11

Летом мы всегда уезжали из Москвы на съемную дачу.

Я их не помню, этих небогатых подмосковных домиков. Но когда увидела в «Зеркале» Тарковского цветы, стоящие в кувшине на полу, дощатый стол, бритые затылки детей, слезы выступили на глазах. Это был мой мир. Я из него вышла.

В среде московской интеллигенции, самой малообеспеченной, самой трудно живущей, всегда вывозили детей за город. Это было святое.

Зачастую вся дача – одна комната. Из мебели только сенники на полу. Но вокруг всё наше – поля, речка, мягкая пыль на дороге, по которой так приятно ступать босыми ногами.

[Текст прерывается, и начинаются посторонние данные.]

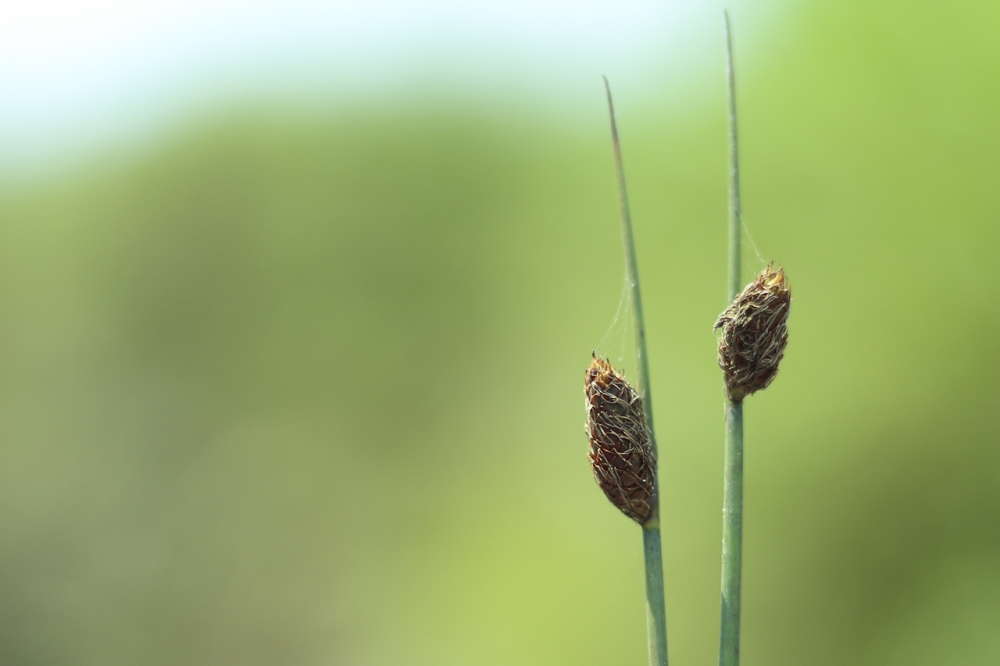 f 1.8 ละลายให้หมด ครัช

Может быть, от этого рождалось ощущение прочности и осмысленности жизни, столь не соответствующее эпохе.

Сейчас мои дети предпочитают вывозить своих на курорты. Или вовсе не вывозить никуда. Перебьются еще одно лето в душной Москве, что страшного.

12

Когда мне исполнилось четыре года, мама стала опять ездить на туристские базы. Так как она там работала, нас сопровождала очередная домработница.

Отправляясь в путешествие вглубь своей памяти, я нахожу первое отчетливое видение мира уже на юге, на турбазе в Тагенекли, где мама работала методистом.

И первый, кого я помню, – маленький ослик с мягкими губами, который нежно брал хлеб с моей протянутой ладони. Я испытывала к нему настоящую любовь. Помню его кроткие глаза, подвижные уши, вздрагивающую шкуру, серую, чуть стертую поклажей спину. У меня даже есть фотография, где я стою рядом с ним. На обороте маминой рукой: «Миле 4 года».

Мы жили в ауле рядом с турбазой, снимали комнату в сакле. Отношения с хозяевами были самые дружеские. Местные маму любили.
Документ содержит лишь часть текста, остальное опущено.